Claro que, na vida real, não existem seres humanos com superpoderes, mas muito da essência desses personagens fantásticos consegue atravessar a barreira das páginas dos quadrinhos ou das telas de cinema para habitar nas pessoas reais, dando-as, até mesmo, uma espécie de superforça, ajudando-as, muitas vezes, a "aguentar mais um segundo". E, por conta disso, alguns fãs decidem que querem levar aquele herói consigo, para poder acessar a sua fonte de inspiração sempre que precisarem.
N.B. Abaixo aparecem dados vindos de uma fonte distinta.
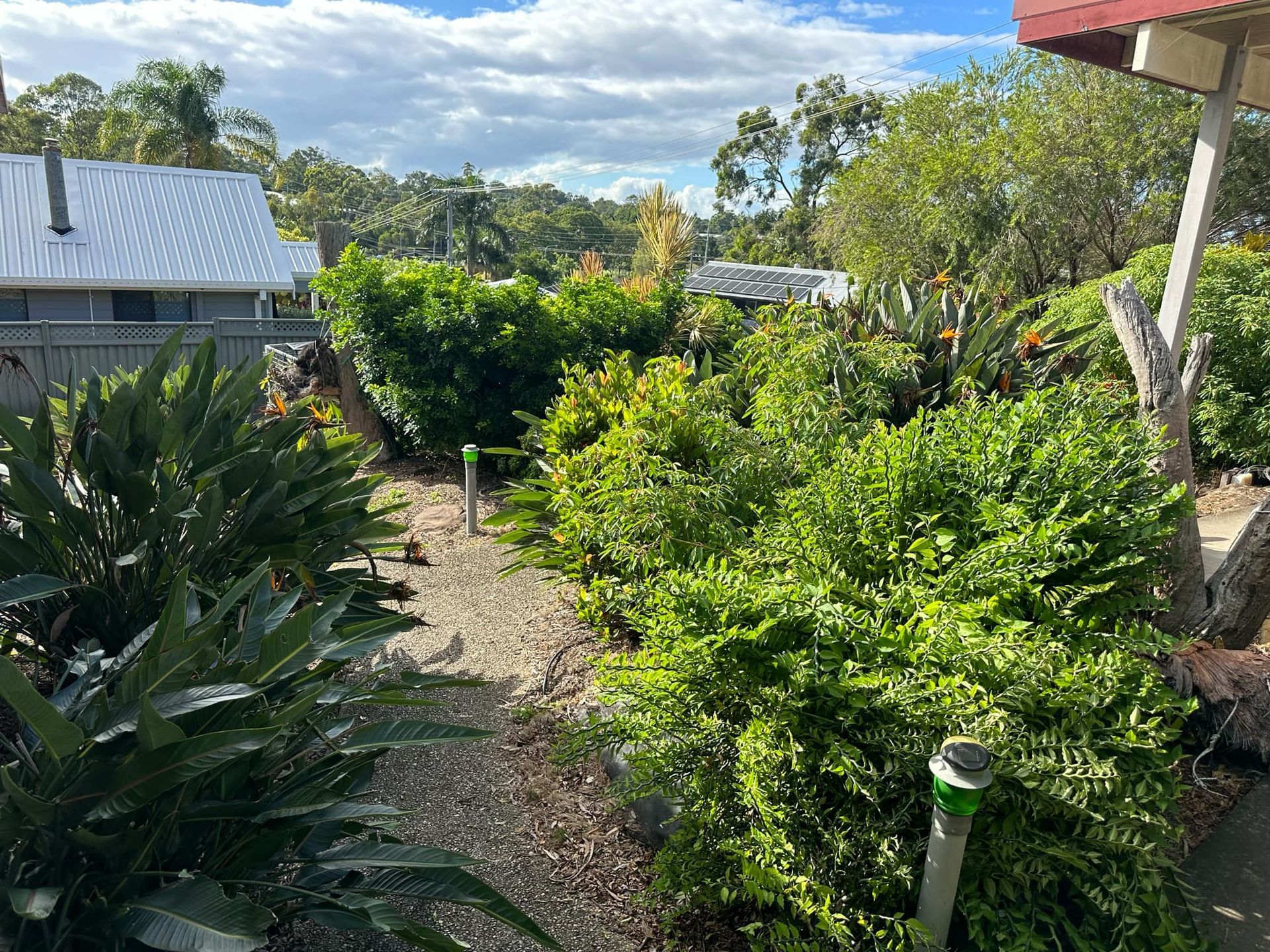 A lush green garden with a house in the background | MowAbility Garden Services Gold Coast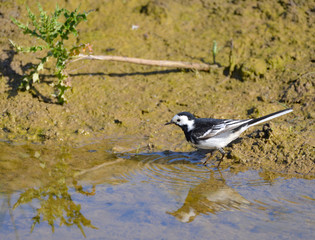 Pied Wagtail having a bath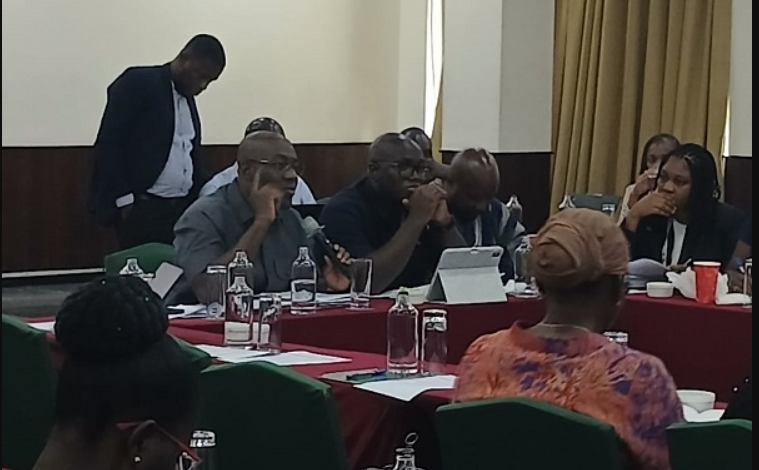 • Mr Nkrumah, speaking at the stakeholder engagement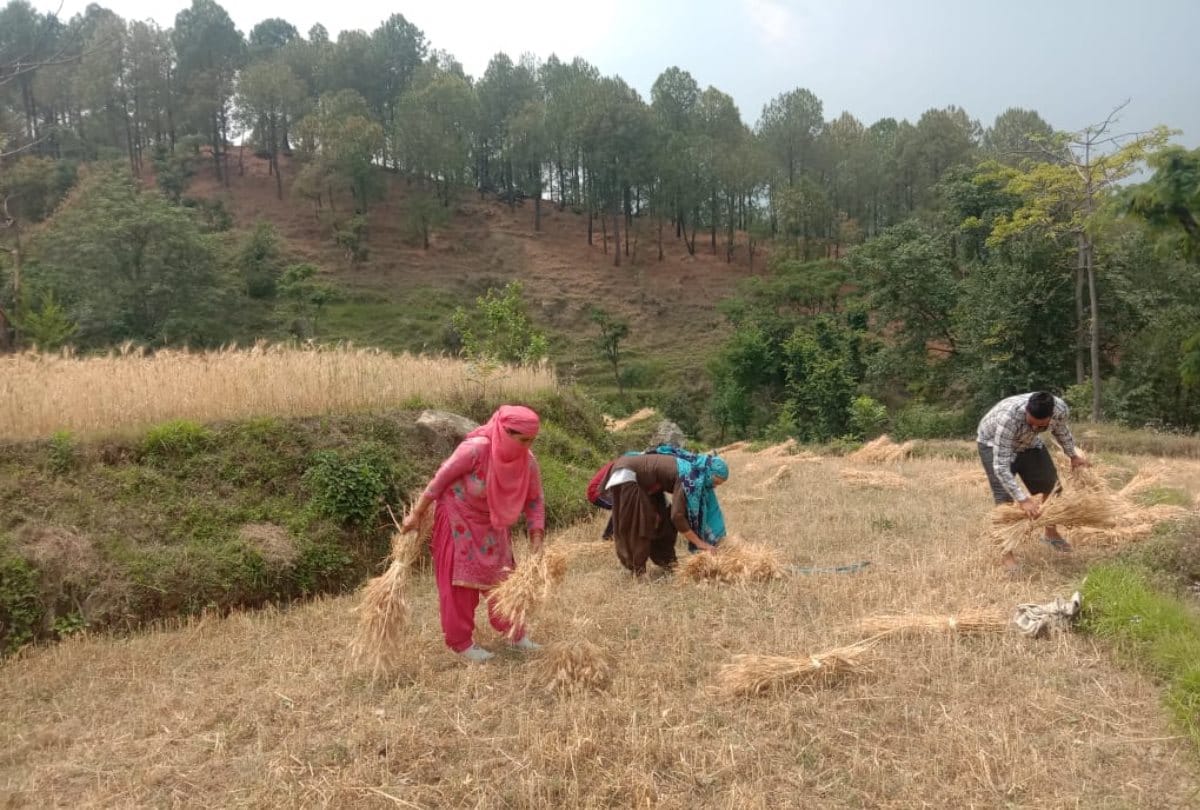 villagers helped corona positive family cut wheat crop in Mandi himachal Pradesh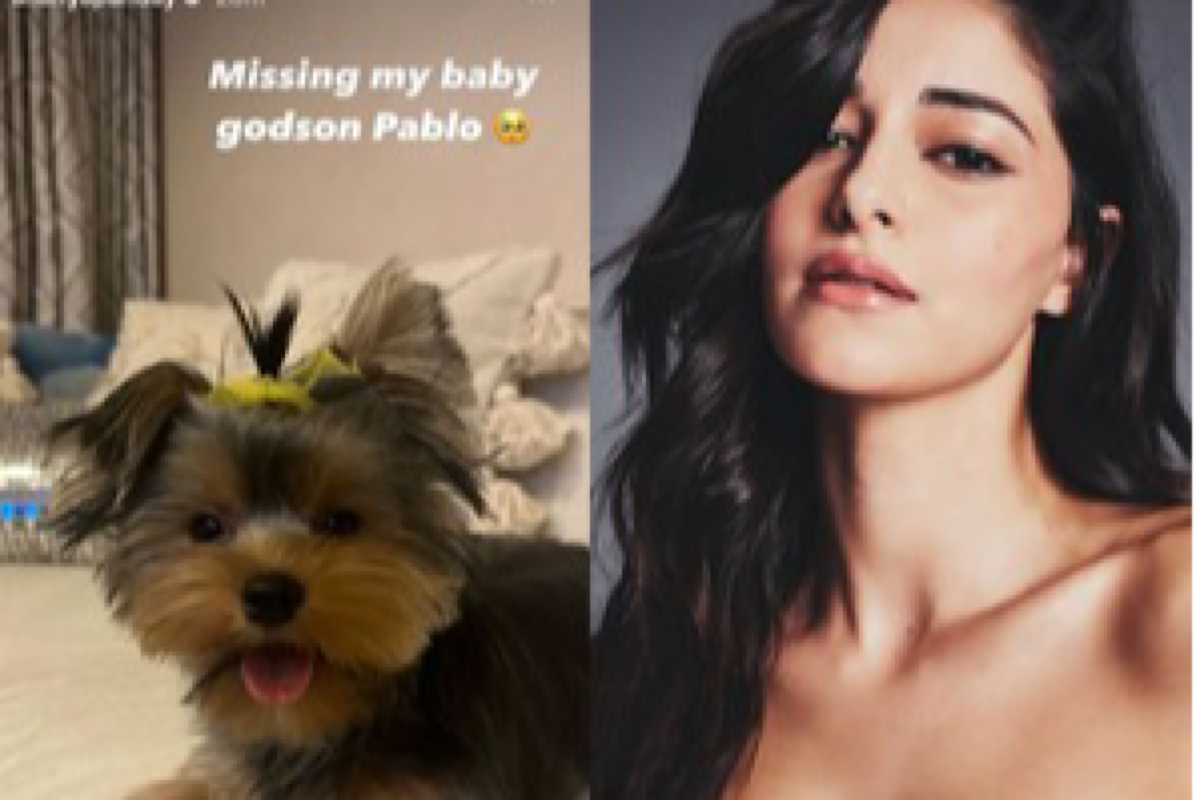 Ananya Panday misses ‘godson’ Pablo; asks BFF Shanaya to send him for ‘sleepover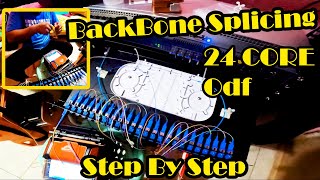 FIBER OPTIC CABLE  ODF Splicing 24 Core  Step By Step Splicing [upl. by Yraunaj]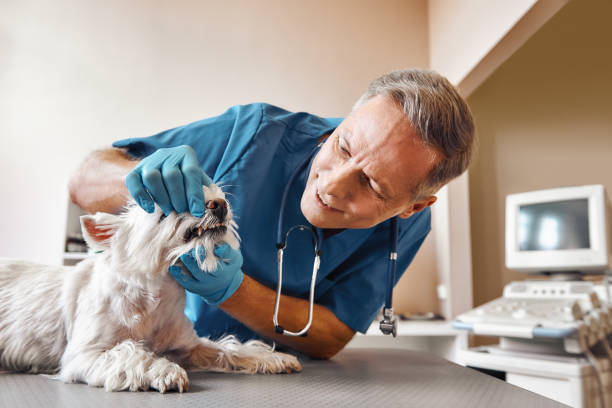 Best Emergency Broken Tooth Repair in Oak Grove, TN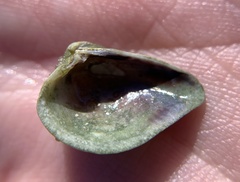 Anomalocardia cuneimeris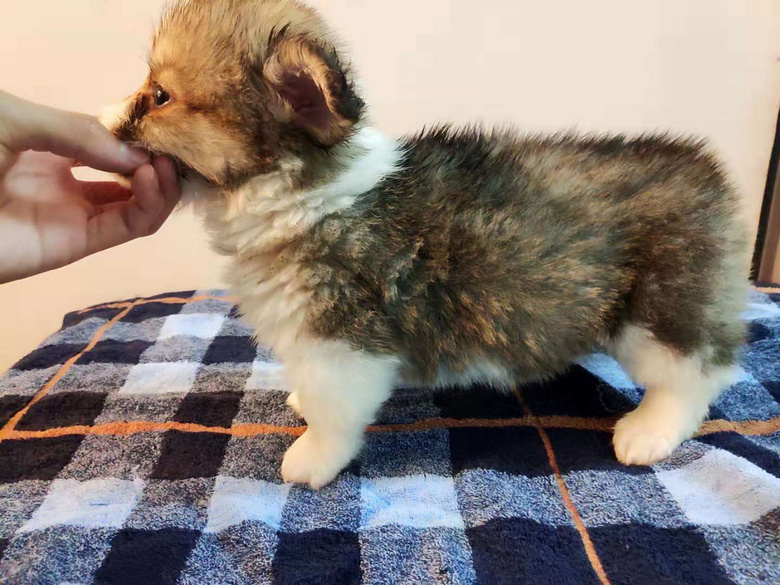 ����С�»���������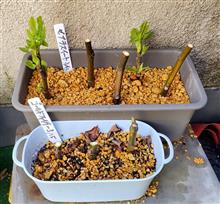 イチジク、スイートゼブラとゴールドフィガーのさし木🌱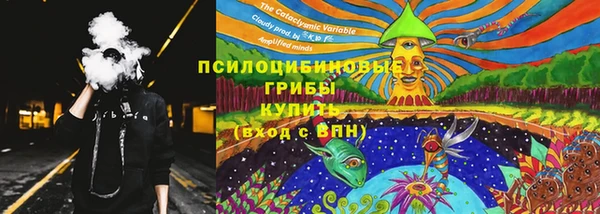 ПСИЛОЦИБИНОВЫЕ ГРИБЫ Белоозёрский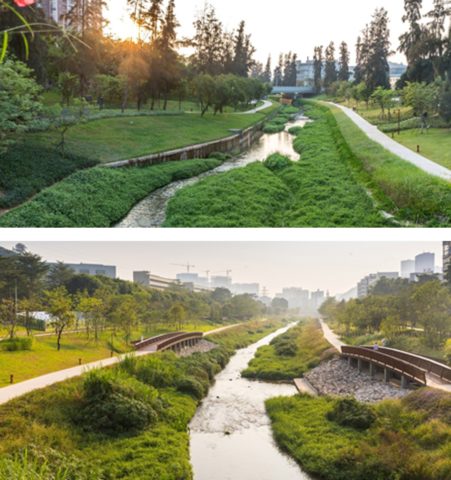 Dasha River Ecological Corridor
Esse foi o caso de José Gabriel Diel, motoboy de Porto Alegre, que tatuou em seu braço direito o Homem-Aranha. O personagem da Marvel, ídolo desde a infância do rapaz, tornou-se ainda mais simbólico em sua vida quando o primeiro live-action foi lançado, em 2002. A morte do tio Ben (Cliff Robertson) e como Peter Parker (Tobey Maguire) enfrentou aquela perda lhe deu forças para superar um momento tão difícil quanto em sua vida.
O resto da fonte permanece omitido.